Below are the records. Retype exactly the lines between the lines holding "Used 2018 Lexus" and "Croft & Barrow black and white swimsuit", inclusive.

Items from a dataset:

__________________________________________________

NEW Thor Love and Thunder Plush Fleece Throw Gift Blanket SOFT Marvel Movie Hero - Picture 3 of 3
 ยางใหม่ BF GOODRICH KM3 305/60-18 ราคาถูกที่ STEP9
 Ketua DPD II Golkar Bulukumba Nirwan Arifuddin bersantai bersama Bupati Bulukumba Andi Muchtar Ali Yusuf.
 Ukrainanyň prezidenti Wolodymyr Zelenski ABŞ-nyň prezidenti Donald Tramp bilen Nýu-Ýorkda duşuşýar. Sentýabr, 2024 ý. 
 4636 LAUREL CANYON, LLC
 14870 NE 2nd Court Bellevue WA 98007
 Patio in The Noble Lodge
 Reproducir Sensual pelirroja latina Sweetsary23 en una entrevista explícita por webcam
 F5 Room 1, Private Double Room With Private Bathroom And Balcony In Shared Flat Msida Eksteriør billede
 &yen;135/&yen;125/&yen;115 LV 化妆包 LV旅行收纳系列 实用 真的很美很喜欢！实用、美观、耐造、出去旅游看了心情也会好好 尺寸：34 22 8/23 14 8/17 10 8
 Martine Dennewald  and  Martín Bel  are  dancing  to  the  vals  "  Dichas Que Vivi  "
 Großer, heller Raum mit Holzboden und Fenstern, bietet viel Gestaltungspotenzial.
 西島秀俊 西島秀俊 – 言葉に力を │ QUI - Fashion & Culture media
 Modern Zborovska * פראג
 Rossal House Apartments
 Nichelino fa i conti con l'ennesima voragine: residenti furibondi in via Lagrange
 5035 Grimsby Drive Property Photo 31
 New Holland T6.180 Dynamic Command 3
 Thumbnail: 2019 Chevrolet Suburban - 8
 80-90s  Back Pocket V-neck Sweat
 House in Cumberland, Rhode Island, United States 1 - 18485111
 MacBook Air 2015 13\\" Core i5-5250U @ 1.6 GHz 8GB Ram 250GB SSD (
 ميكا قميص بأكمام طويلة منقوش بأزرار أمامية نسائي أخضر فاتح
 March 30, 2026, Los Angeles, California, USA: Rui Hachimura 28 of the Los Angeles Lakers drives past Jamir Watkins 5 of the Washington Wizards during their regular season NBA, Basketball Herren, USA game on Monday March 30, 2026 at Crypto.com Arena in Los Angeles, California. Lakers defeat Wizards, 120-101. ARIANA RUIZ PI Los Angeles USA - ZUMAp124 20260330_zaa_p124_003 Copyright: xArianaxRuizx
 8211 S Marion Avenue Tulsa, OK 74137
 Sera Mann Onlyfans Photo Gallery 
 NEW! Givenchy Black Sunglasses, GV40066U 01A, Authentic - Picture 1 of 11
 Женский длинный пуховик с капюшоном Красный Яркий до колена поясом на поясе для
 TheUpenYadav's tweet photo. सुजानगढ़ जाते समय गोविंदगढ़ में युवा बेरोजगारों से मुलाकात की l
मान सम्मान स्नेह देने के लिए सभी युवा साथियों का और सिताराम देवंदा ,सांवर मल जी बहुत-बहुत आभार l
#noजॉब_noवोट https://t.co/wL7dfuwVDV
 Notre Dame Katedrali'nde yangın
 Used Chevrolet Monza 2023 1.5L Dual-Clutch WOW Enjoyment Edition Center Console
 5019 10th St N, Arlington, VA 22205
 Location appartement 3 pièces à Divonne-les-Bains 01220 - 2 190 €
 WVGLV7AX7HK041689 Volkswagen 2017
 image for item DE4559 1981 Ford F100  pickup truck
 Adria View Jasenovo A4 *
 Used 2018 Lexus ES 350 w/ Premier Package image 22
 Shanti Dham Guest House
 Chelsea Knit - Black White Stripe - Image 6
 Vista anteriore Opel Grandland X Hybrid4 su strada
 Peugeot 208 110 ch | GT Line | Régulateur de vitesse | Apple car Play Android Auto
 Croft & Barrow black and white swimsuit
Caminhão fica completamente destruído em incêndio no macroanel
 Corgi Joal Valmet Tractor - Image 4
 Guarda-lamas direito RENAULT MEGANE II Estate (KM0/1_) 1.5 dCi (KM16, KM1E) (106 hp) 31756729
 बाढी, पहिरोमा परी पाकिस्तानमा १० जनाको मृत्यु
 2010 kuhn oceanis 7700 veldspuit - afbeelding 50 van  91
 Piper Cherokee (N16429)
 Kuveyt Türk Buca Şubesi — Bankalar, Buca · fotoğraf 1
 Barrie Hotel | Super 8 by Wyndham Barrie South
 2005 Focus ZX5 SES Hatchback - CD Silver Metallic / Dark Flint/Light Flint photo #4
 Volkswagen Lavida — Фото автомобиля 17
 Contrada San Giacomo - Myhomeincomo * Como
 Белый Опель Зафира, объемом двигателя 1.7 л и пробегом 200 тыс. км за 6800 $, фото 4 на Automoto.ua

__________________________________________________

> [Response to this task]
 Used 2018 Lexus ES 350 w/ Premier Package image 22
 Shanti Dham Guest House
 Chelsea Knit - Black White Stripe - Image 6
 Vista anteriore Opel Grandland X Hybrid4 su strada
 Peugeot 208 110 ch | GT Line | Régulateur de vitesse | Apple car Play Android Auto
 Croft & Barrow black and white swimsuit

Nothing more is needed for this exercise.